Exercise: Exactly retype the opening line of the entries and every line after it, ending with the line that contains "A man is working". Skip all pictures.

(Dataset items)
※

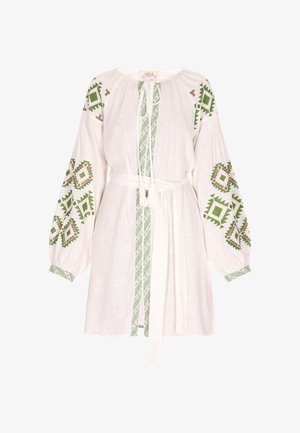 Abito bianco in lino con motivi ricamati in verde e marrone, vita cintrata con cintura e maniche lunghe a sbuffo con decorazioni.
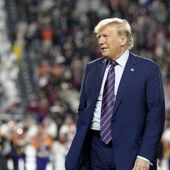 Republican presidential candidate and former President Donald Trump stands on the field during halftime in an NCAA college football game between the University of South Carolina and Clemson on Saturday, Nov. 25, 2023, in Columbia, S.C. (AP Photo/Meg Kinnard) **FILE**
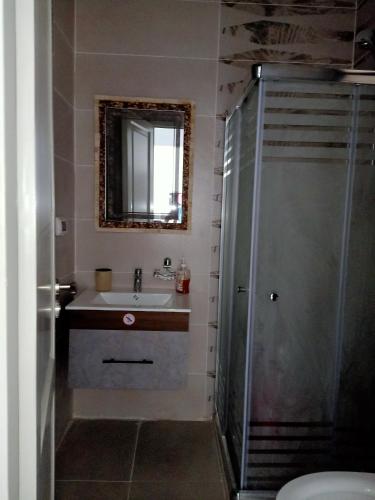 a bathroom with a sink and a shower with a mirror at Fully furnished - 80 mt in Celia compound in new administrative city in Cairo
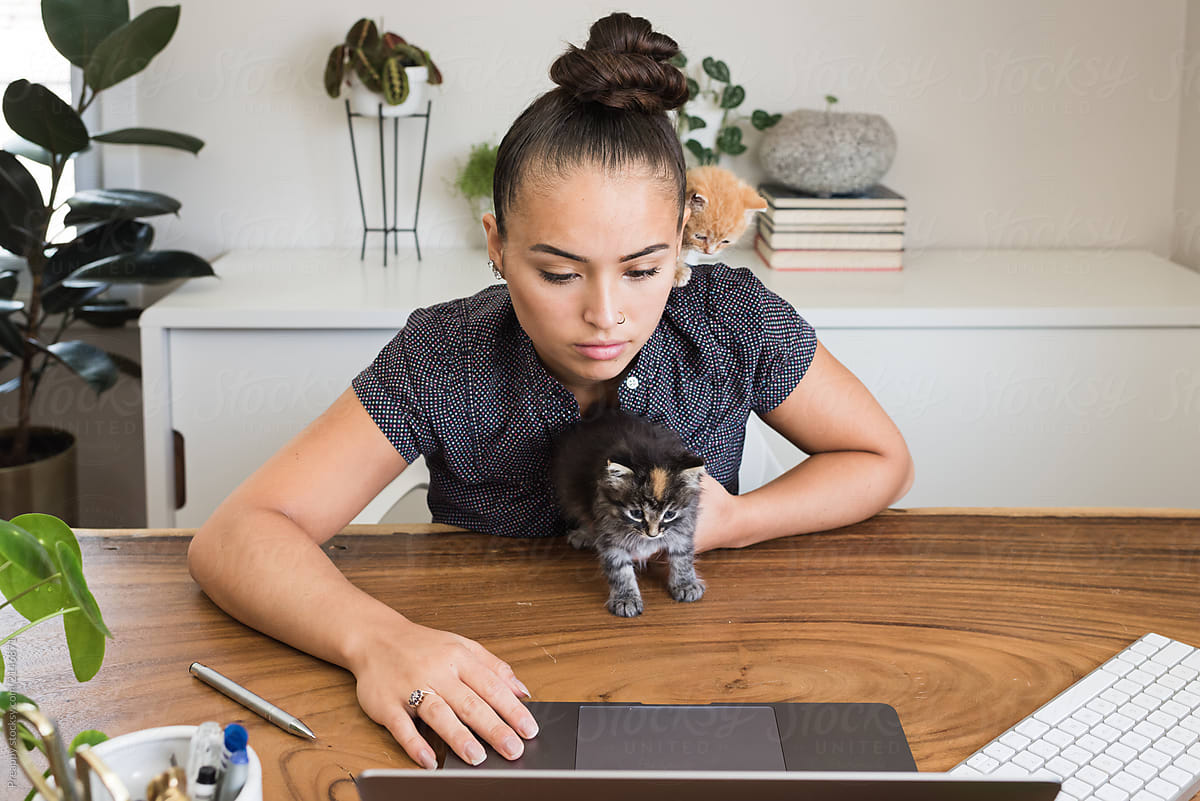 Teenager on computer with kittens.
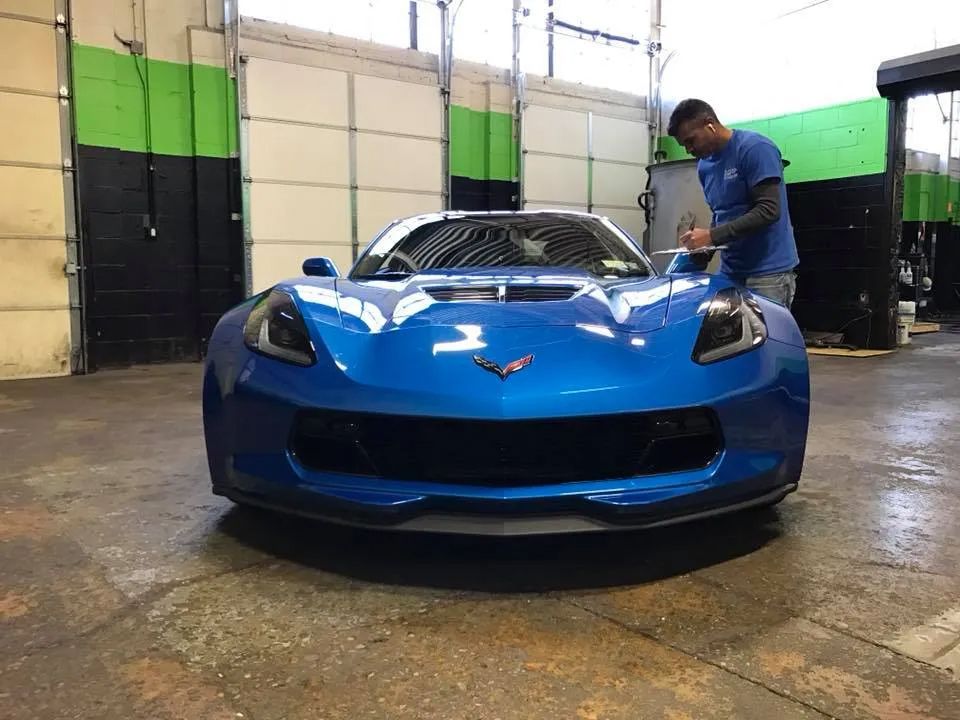 A man is working on a blue sports car in a garage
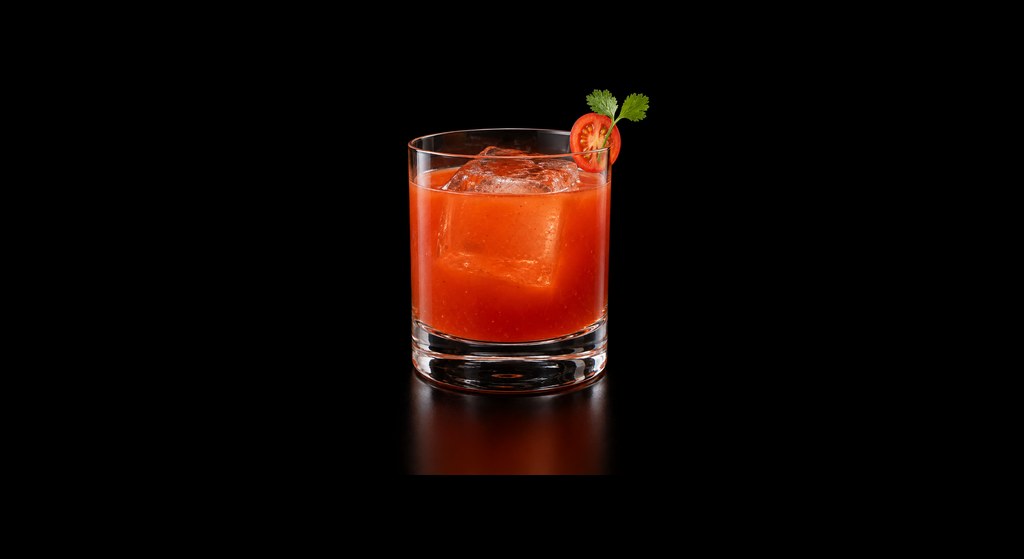 Tomato Tomatoe cocktail on a dark studio background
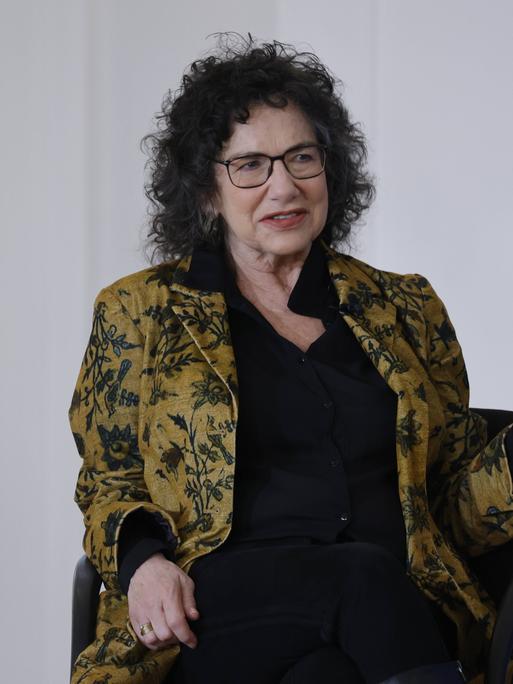 Susan Neiman sitzt in einer Gesprächssituation auf einem Sessel und hält mit der einen Hand einen Zeigefinger nach oben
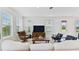 Bright living room with large windows, comfortable seating, and a wooden entertainment center at 1754 Sanibel Dr, Davenport, FL 33896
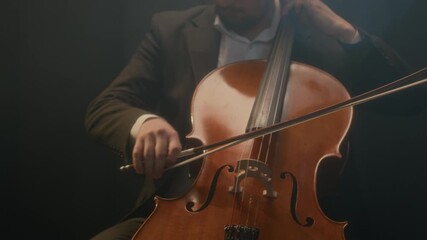 Cropped shot of handsome male cellist in suit sitting on chair while playing cello on black background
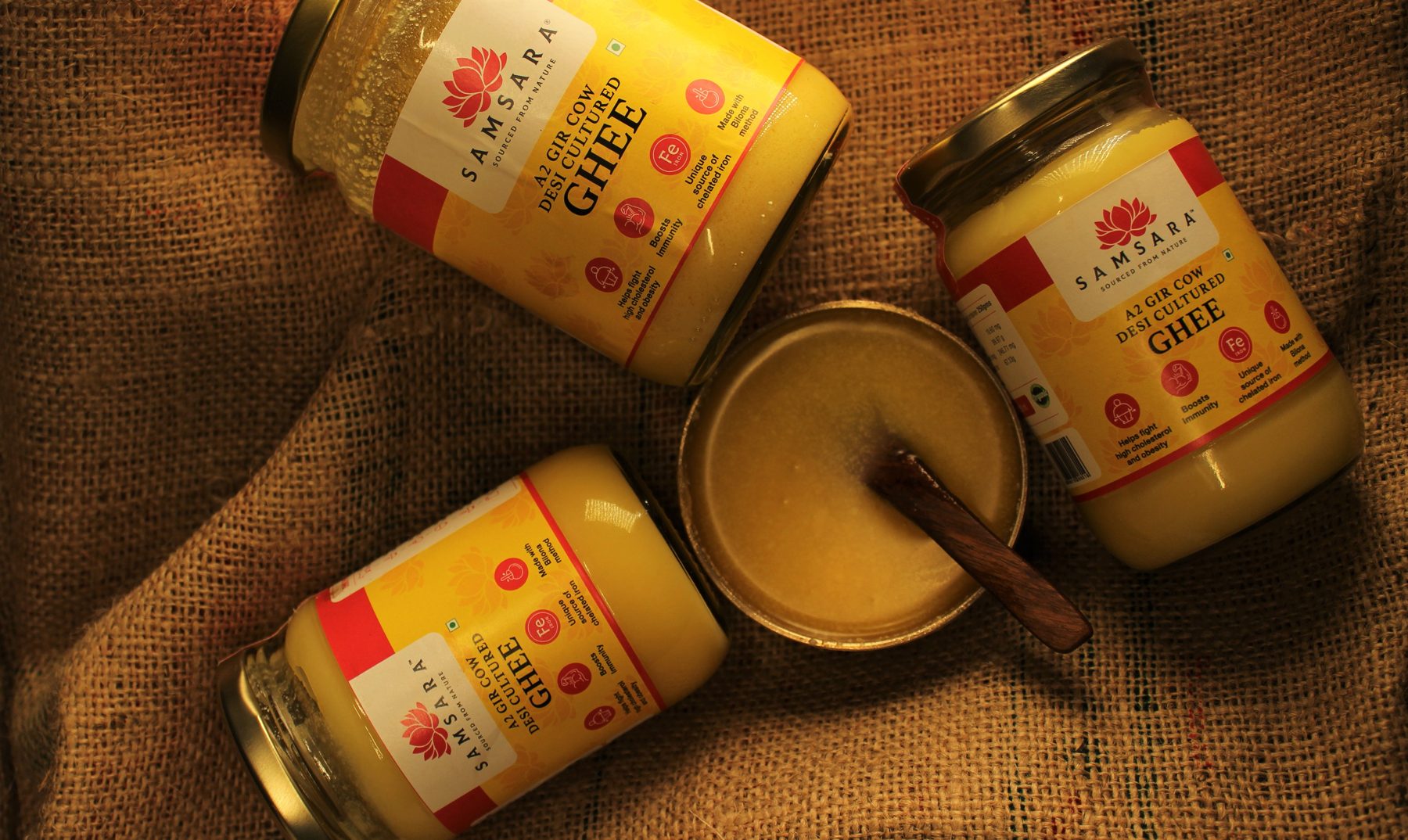 Overhead flat lay of Samsara ghee jars and a bowl of ghee on burlap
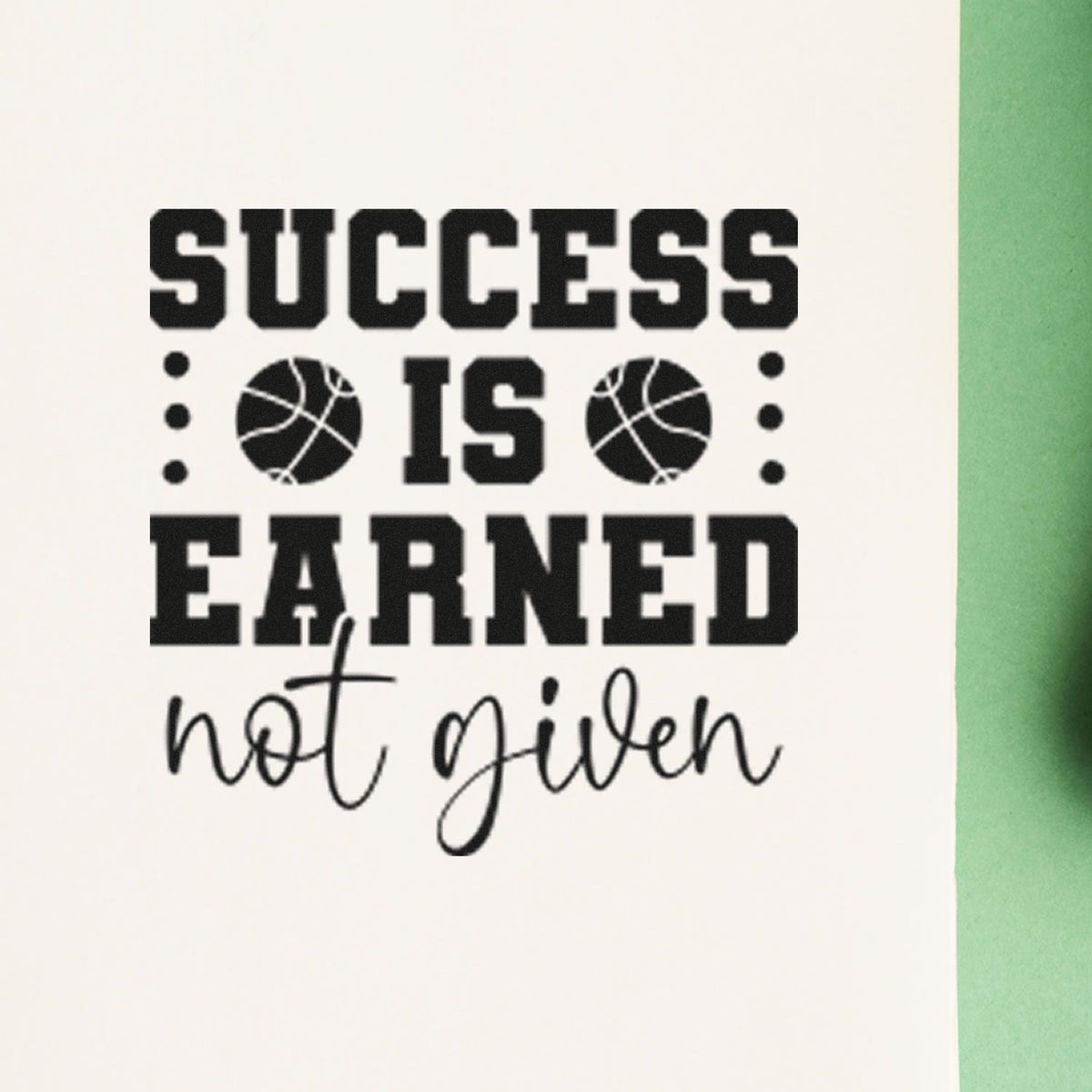 Black rubber stamp seal saying SUCCESS IS EARNED, not given with basketball icons on white paper and green edge.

※

Finished exercise:
 Abito bianco in lino con motivi ricamati in verde e marrone, vita cintrata con cintura e maniche lunghe a sbuffo con decorazioni.
 Republican presidential candidate and former President Donald Trump stands on the field during halftime in an NCAA college football game between the University of South Carolina and Clemson on Saturday, Nov. 25, 2023, in Columbia, S.C. (AP Photo/Meg Kinnard) **FILE**
 a bathroom with a sink and a shower with a mirror at Fully furnished - 80 mt in Celia compound in new administrative city in Cairo
 Teenager on computer with kittens.
 A man is working on a blue sports car in a garage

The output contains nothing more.